═════ MATERIAL PROVIDED ═════
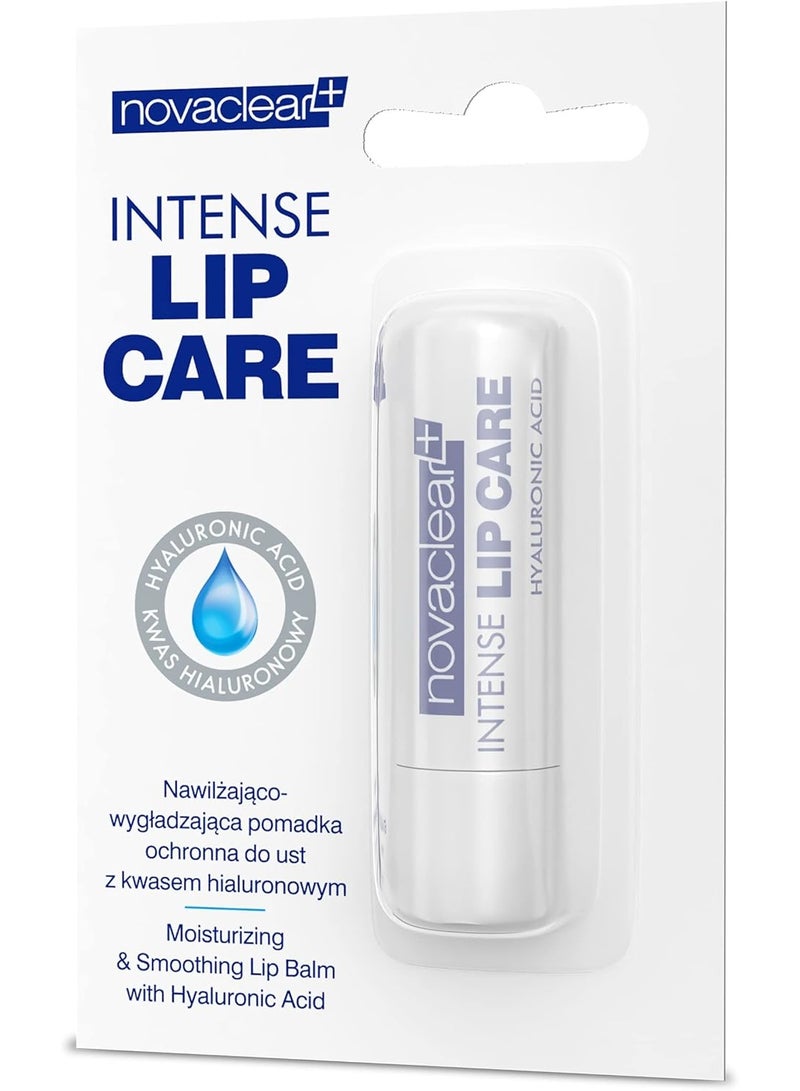 novaclear بلسم الشفاه المكثف نوفاكلير 4.9 جرام – بلسم مرطب للشفاه مع حمض الهيالورونيك، شمع العسل وزبدة الشيا - Image 1
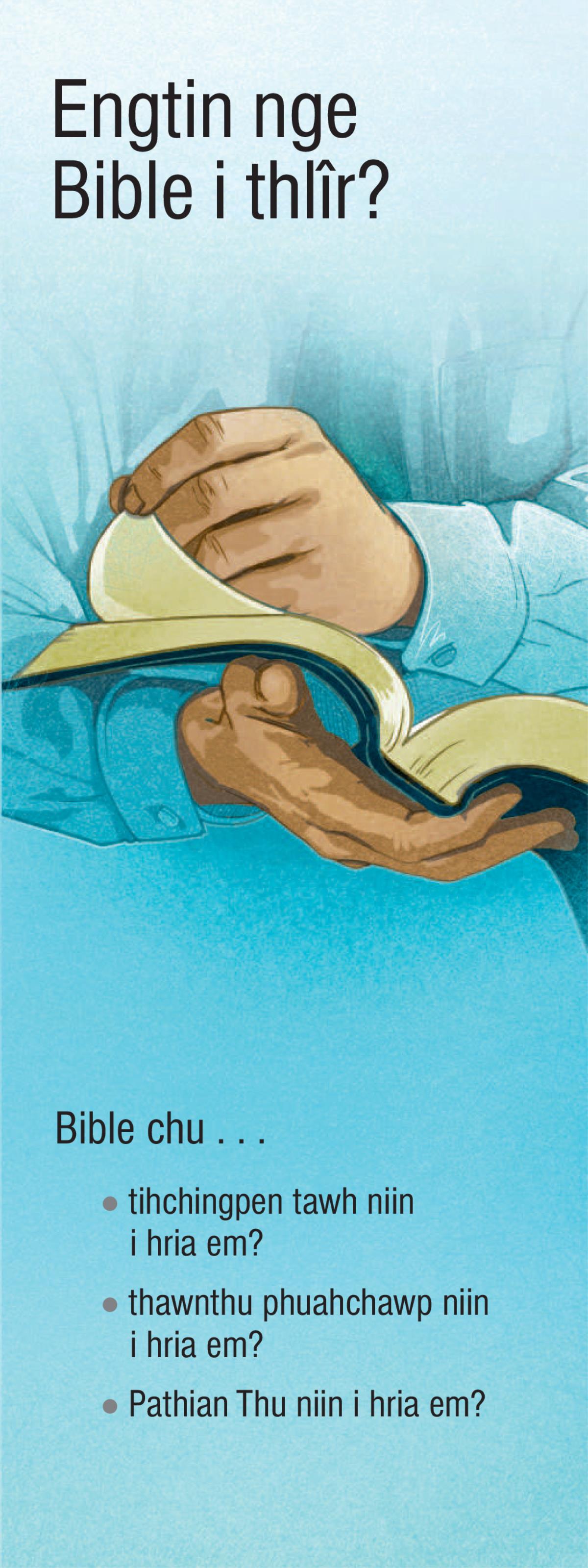 Engtin nge Bible i thlir?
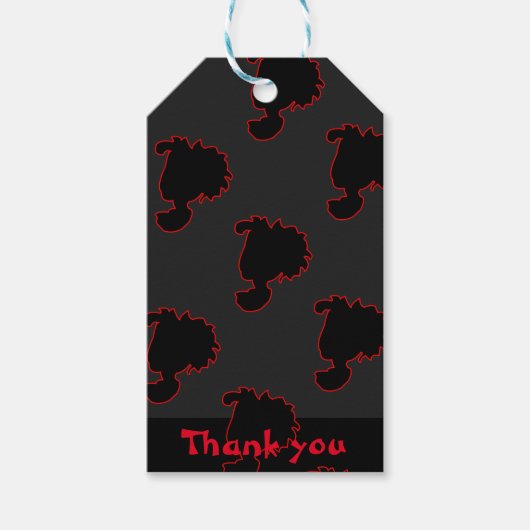 シルエットパターン ギフトタグ (正面)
═════
## PROBLEM TO SOLVE
The answer should consist of every line above, exact and free of images.

## EXERCISE RESULT
 novaclear بلسم الشفاه المكثف نوفاكلير 4.9 جرام – بلسم مرطب للشفاه مع حمض الهيالورونيك، شمع العسل وزبدة الشيا - Image 1
 Engtin nge Bible i thlir?
 シルエットパターン ギフトタグ (正面)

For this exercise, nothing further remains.